Serge Boimare : profiter des recommandations du socle commun

Le psychopédagogue Serge Boimare vient de publier aux éditions Dunod “La peur d’enseigner” (2012), livre dans lequel il incite les professeurs à profiter des recommandations du socle commun. 

Avec son autorisation et celle de l’éditeur, nous reproduisons ici un large extrait consacré à la question du socle commun (p.85-88)

Des objectifs qui ne négligent plus les compétences et les attitudes

“Développer l’esprit critique, permettre l’accès à la culture, stimuler la curiosité et la créativité, aider à exprimer sa pensée au plus juste de ses intentions, donner la conscience de l’universel, aider les élèves à devenir des citoyens actifs et responsables…”
Et si les propositions contenues dans le socle annonçaient la révolution pédagogique que nous sommes nombreux à attendre ? Et si les propositions contenues dans le socle, permettaient enfin que soit prise en compte dans le travail pédagogique la nécessité de construire et d’améliorer des attitudes indispensables aux plus fragiles pour pouvoir apprendre ?
Ces recommandations qui s’attachent à donner du sens et de l’intérêt à la culture scolaire sont-elles compatibles avec une transmission exigeante des savoirs ?
Bien évidemment, pour s’en convaincre, il suffit de lire avec attention la liste des connaissances et des compétences faisant partie du socle pour maîtriser la langue française et avoir une culture humaniste.
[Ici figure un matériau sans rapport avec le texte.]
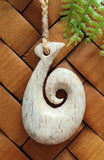 Hook - Whale Bone Carving - NZ Made by Alex Sands #1992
Il suffit de faire la liste des lois fondamentales de mathématiques, de sciences et de technologie à connaître à la fin de la scolarité obligatoire.
Avec un peu d’objectivité et d’honnêteté, nous verrons qu’à l’heure actuelle nous en sommes loin, pour plus de la moitié de nos élèves.
Ces recommandations qui veulent tenir compte des différences de rythme dans les apprentissages vont-elles freiner nos meilleures élèves ?
Cette crainte, si facile à agiter chez les parents, n’a pas lieu d’être. Pourquoi les meilleurs n’y trouveraient-ils pas les conditions d’une pleine réussite ?
L’esprit critique, l’autonomie, l’expression personnelle manquent parfois à nos bons élèves, ici elle est l’objet d’attention. Arrêtons de dire qu’il s’agit d’un apport accessoire ou marginal, c’est une véritable nécessité pour diminuer le nombre de ceux qui échouent à l’université, faute de pouvoir se resituer devant une approche de la connaissance, qui sollicite davantage d’indépendance d’esprit et leurs capacités réflexives.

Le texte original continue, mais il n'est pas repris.